In this episode of Unequal Worlds, Divine Fuh explores the complex relationship between decolonisation and the pursuit of human dignity. Joining Fuh are Ouma Ba & Yumba Kakhobwe who respond to the address as well as questions from the audience at the recently held Bergen Exchanges on Law Social Transformation. The keynote was chaired by Satang Nabaneh.
Fuh argues that the decolonial movement in South Africa has shifted its focus from the decolonisation of knowledge to addressing the suffering and inequality experienced by poor black South Africans. He introduces the concept of “sh*t” to emphasise the suffering and predicament of poor black South Africans living in shacks and townships while the white population experiences growing opulence.

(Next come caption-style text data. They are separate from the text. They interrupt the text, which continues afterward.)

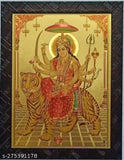 Gold-plated multicolor Goddess Devi Ambaji Amba photo frame (9*12 inches), synthetic resin indoor decorative item for religious artifacts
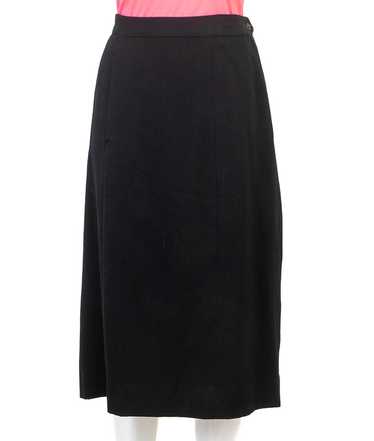 1950s Black Wool Gabardine Pencil Skirt - image 1
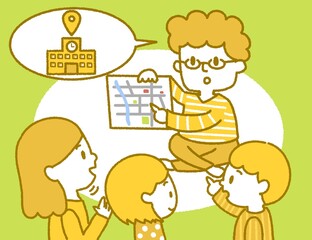 災害時の避難について相談する家族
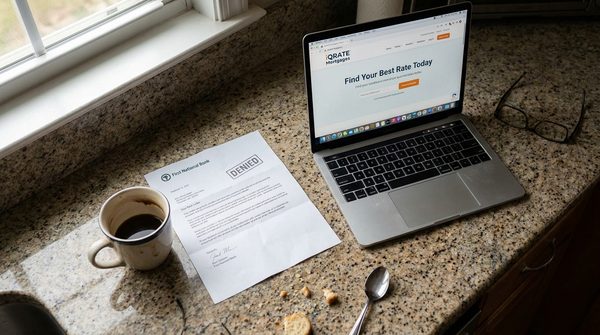 A person reviewing their credit report and financial documents to improve their mortgage approval chances.
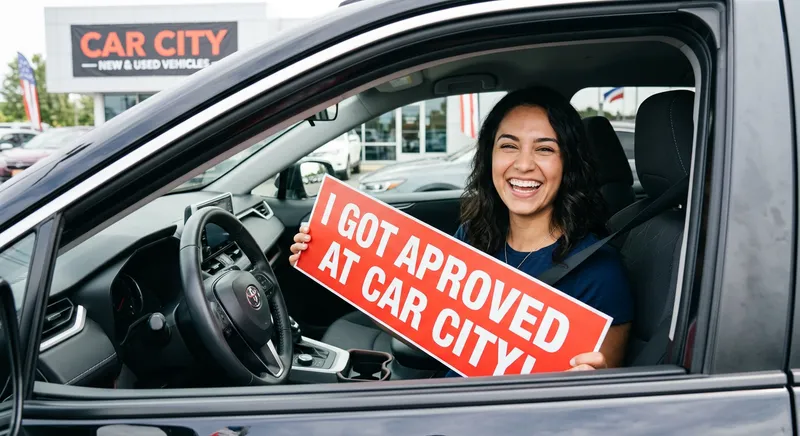 Smiling woman sits in a car at a dealership, holding a sign that reads'I GOT APPROVED AT CAR CITY!' with the lot in the background.] ,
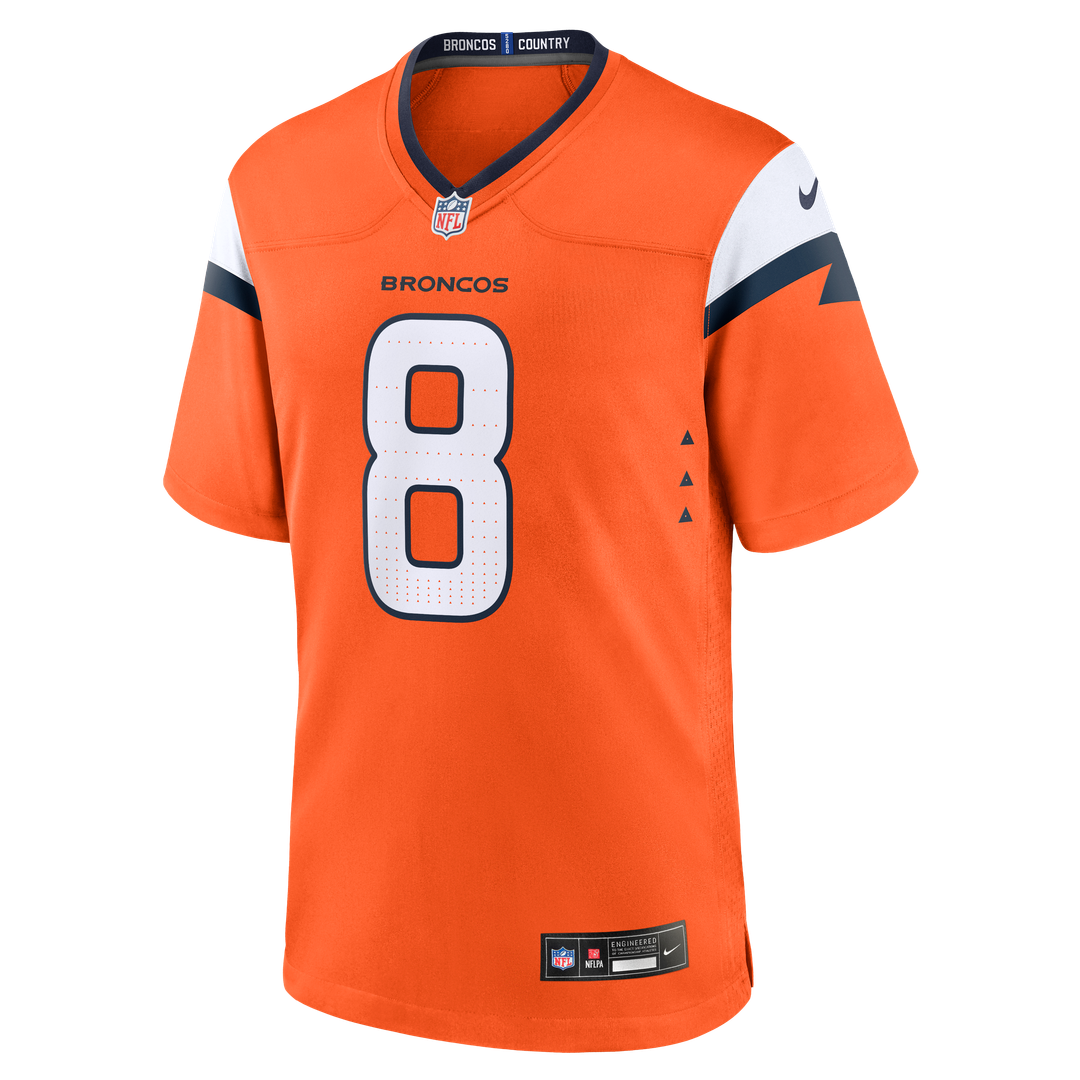 Men's Denver Broncos Jarrett Stidham Nike  Orange Team Game Jersey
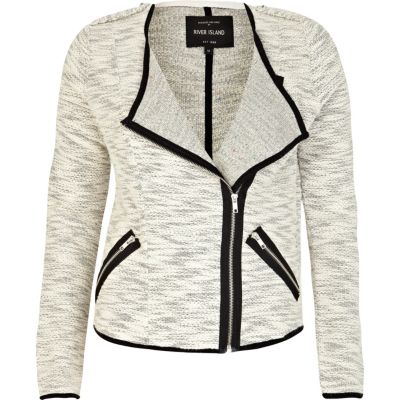 Cream marl soft contrast trim biker jacket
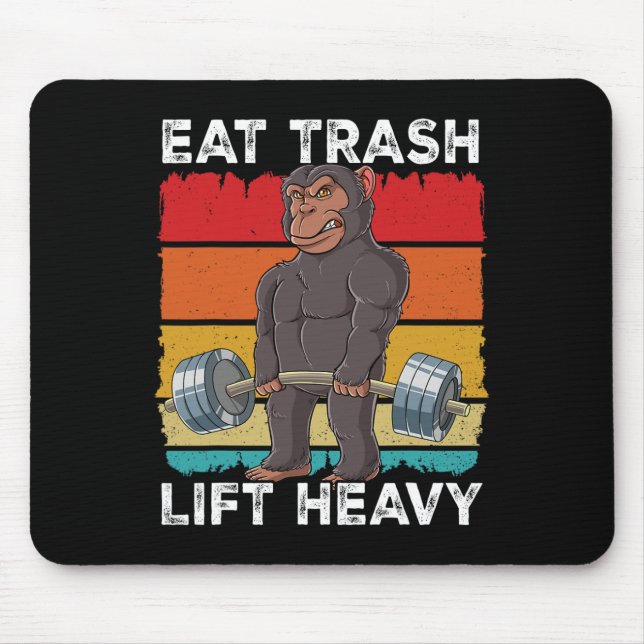 Mousepad Chimpanzee Gym Formação Em Peso Coma Lixo Levante  (Frente)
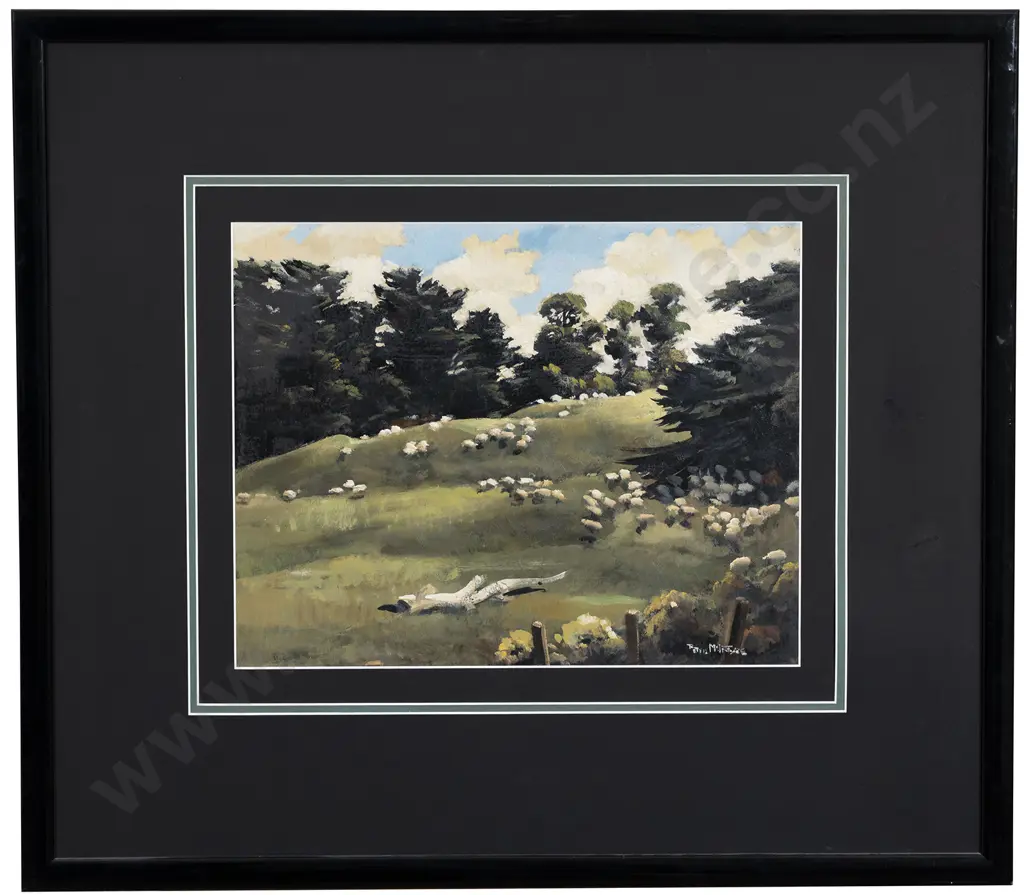 Peter McIntyre (1910 - 1995) - Grazing Sheep Image 1++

Fuh emphasises the importance of recognising and acknowledging suffering as a catalyst for the decolonial project. He discusses the concept of “seeing” suffering, which involves empathy, transformation, and understanding. He also discusses the challenges in conceptualising suffering, especially when different languages and conceptual frameworks have limited vocabulary for it.
Fuh views decolonisation as an exercise in human dignity and suggests embracing concepts like conviviality, rethinking the human, and ethical cohabitation to address inequalities and find new ways of thinking. He argues that breaking free from dominant conceptual regimes is essential to understanding and addressing suffering and inequality effectively.
This episode is a must-listen for anyone interested in the decolonial movement, human rights, and the pursuit of a more just and equitable world.